◆ Extracted entries
□ □ □ □

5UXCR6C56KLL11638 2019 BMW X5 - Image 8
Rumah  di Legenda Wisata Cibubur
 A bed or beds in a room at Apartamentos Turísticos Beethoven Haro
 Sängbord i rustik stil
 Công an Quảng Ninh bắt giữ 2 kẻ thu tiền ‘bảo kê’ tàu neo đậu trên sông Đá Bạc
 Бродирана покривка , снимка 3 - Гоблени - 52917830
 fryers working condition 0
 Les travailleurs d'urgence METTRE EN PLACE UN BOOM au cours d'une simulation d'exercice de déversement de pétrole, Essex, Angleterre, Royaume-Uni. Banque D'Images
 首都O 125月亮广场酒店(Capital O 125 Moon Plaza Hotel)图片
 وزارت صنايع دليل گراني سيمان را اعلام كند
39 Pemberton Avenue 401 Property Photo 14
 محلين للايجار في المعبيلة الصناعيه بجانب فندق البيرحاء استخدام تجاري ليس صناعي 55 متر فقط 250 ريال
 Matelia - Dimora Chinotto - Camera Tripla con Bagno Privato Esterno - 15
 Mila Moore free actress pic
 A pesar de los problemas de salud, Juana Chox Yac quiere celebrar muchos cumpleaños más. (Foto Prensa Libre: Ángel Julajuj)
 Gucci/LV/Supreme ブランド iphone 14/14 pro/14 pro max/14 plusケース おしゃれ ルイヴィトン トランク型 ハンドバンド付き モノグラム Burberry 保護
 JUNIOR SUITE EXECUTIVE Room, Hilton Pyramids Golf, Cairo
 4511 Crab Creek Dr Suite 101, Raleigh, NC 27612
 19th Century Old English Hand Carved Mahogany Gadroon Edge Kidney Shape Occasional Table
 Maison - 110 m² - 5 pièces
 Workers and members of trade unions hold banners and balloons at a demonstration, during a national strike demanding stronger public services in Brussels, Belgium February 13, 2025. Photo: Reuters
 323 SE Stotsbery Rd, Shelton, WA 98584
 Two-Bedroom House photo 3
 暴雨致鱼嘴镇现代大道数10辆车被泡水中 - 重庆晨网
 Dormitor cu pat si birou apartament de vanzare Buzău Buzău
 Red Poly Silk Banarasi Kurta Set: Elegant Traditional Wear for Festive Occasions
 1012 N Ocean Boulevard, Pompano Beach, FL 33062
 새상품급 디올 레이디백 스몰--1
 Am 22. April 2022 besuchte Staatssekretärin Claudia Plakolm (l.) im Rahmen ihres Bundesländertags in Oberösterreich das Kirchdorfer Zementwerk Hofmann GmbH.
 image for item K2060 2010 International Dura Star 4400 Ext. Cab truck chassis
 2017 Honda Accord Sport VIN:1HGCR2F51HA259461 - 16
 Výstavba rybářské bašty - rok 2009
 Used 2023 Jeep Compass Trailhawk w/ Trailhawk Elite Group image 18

□ □ □ □

◆ About this exercise
In this exercise, repeat the entries above verbatim.

◆ Task output
5UXCR6C56KLL11638 2019 BMW X5 - Image 8
Rumah  di Legenda Wisata Cibubur
 A bed or beds in a room at Apartamentos Turísticos Beethoven Haro
 Sängbord i rustik stil
 Công an Quảng Ninh bắt giữ 2 kẻ thu tiền ‘bảo kê’ tàu neo đậu trên sông Đá Bạc
 Бродирана покривка , снимка 3 - Гоблени - 52917830
 fryers working condition 0
 Les travailleurs d'urgence METTRE EN PLACE UN BOOM au cours d'une simulation d'exercice de déversement de pétrole, Essex, Angleterre, Royaume-Uni. Banque D'Images
 首都O 125月亮广场酒店(Capital O 125 Moon Plaza Hotel)图片
 وزارت صنايع دليل گراني سيمان را اعلام كند
39 Pemberton Avenue 401 Property Photo 14
 محلين للايجار في المعبيلة الصناعيه بجانب فندق البيرحاء استخدام تجاري ليس صناعي 55 متر فقط 250 ريال
 Matelia - Dimora Chinotto - Camera Tripla con Bagno Privato Esterno - 15
 Mila Moore free actress pic
 A pesar de los problemas de salud, Juana Chox Yac quiere celebrar muchos cumpleaños más. (Foto Prensa Libre: Ángel Julajuj)
 Gucci/LV/Supreme ブランド iphone 14/14 pro/14 pro max/14 plusケース おしゃれ ルイヴィトン トランク型 ハンドバンド付き モノグラム Burberry 保護
 JUNIOR SUITE EXECUTIVE Room, Hilton Pyramids Golf, Cairo
 4511 Crab Creek Dr Suite 101, Raleigh, NC 27612
 19th Century Old English Hand Carved Mahogany Gadroon Edge Kidney Shape Occasional Table
 Maison - 110 m² - 5 pièces
 Workers and members of trade unions hold banners and balloons at a demonstration, during a national strike demanding stronger public services in Brussels, Belgium February 13, 2025. Photo: Reuters
 323 SE Stotsbery Rd, Shelton, WA 98584
 Two-Bedroom House photo 3
 暴雨致鱼嘴镇现代大道数10辆车被泡水中 - 重庆晨网
 Dormitor cu pat si birou apartament de vanzare Buzău Buzău
 Red Poly Silk Banarasi Kurta Set: Elegant Traditional Wear for Festive Occasions
 1012 N Ocean Boulevard, Pompano Beach, FL 33062
 새상품급 디올 레이디백 스몰--1
 Am 22. April 2022 besuchte Staatssekretärin Claudia Plakolm (l.) im Rahmen ihres Bundesländertags in Oberösterreich das Kirchdorfer Zementwerk Hofmann GmbH.
 image for item K2060 2010 International Dura Star 4400 Ext. Cab truck chassis
 2017 Honda Accord Sport VIN:1HGCR2F51HA259461 - 16
 Výstavba rybářské bašty - rok 2009
 Used 2023 Jeep Compass Trailhawk w/ Trailhawk Elite Group image 18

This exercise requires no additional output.